RioCan Real Estate Investment Trust, the largest landlord of Target Canada, contends the retailer could be holding back on releasing vital information, possibly putting all creditors at a disadvantage, according to the landlord's submission this week to Ontario Superior Court.

Of particular concern to RioCan and other creditors is more than $1.9-billion of inter-company Target claims and whether that money will stay with U.S.-based Target Corp. or be distributed among other creditors. On Friday, those inter-company claims will be submitted to the monitor overseeing the Target case but will not be publicly disclosed until Aug. 31.

"We just want to make sure that the creditors are not in any way prejudiced," Richard Swan, a lawyer at Bennett Jones LLP who represents RioCan and KingSett Capital Inc., told the court on Thursday.

Target Canada, which filed for creditors' court protection in January and closed all its 133 stores, has so far raised roughly $900-million from selling off properties and inventory.
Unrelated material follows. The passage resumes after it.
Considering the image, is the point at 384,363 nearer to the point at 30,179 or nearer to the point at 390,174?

But the retailer has kept creditors in the dark about the extent of its inter-company claims and whether creditors can recoup some of that money to cover their own claims, which have been estimated to be at least $2.2-billion.
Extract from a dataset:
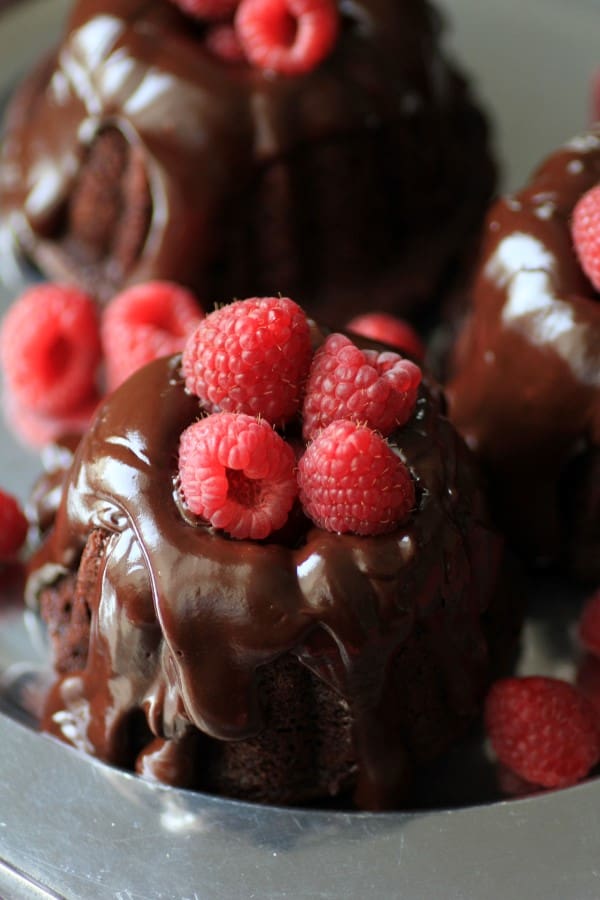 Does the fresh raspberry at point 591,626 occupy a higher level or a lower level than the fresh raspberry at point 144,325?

Also lurking in the background – outside of the insolvency process – is the issue of guarantees that Target's U.S. parent company has pledged to pay many landlords for losses tied to their closed Target stores.

The landlord lease guarantees are worth hundreds of millions of dollars but Target still has to negotiate the amounts with property owners, Jay Swartz, a lawyer at Davies Ward Phillips & Vineberg LLP who represents the parent company, said in an interview.

"They will get paid," he said. "They might fight over how much they're entitled to … RioCan is probably the most affected, with the biggest claims."

Landlords of 44 leases that Target was unable to find a buyer for – and returned to their property owners – have guarantees, according to court filings.

RioCan and KingSett argued in their latest court document that creditors have "very little information" in the insolvency proceedings and "the main fact-finding litigation has yet to get under way."

The landlords asked Justice Geoffrey Morawetz to refrain from approving a batch of monitor's reports because their contents may eventually come back to bite creditors. The judge on Thursday delayed his decision, asking the parties for further arguments.

"Creditors with concerns and wishing to seek further information should not have to be satisfied with that information being provided to a limited and summary extent by way of monitor's reports," the landlords' court document said.

The monitor countered it has conducted itself properly and provided detailed reports, rejecting the "innuendo" from the landlords, said Jay Carfagnini, a lawyer at Goodmans LLP who represents monitor Alvarez & Marsal Canada Inc.

The landlords noted that Target Canada remained in charge of the property sale process despite the urging of RioCan and other creditors that the sales be run by the monitor, "which was resisted."

"These proceedings are very much about the role played by Target U.S., including in the months leading up to the filing, the choice and dealings with certain of the advisors, the pursuit of the [property sale] and the interaction with the interests of Target U.S. (including, but not limited to, its lease indemnities and guarantees.)

"One of the biggest issues going forward will be inter-company claims and the expected litigation in that regard which will likely involve attempts to discover facts from the last 12 months or more."

The landlords noted that during the property sales, which generated $547.8-million but involved Target returning 75 unsold leases to its landlords, "there was a significant and extensive veil of secrecy with respect to day-to-day matters."

A number of landlords, including RioCan and KingSett, raised concerns with the monitor about the property sale process, the landlords said. "For the most part, those relate to the extent to which Target U.S. has been able to participate in the decision-making process … and to influence certain steps and decisions that have been taken thereunder for its own benefit."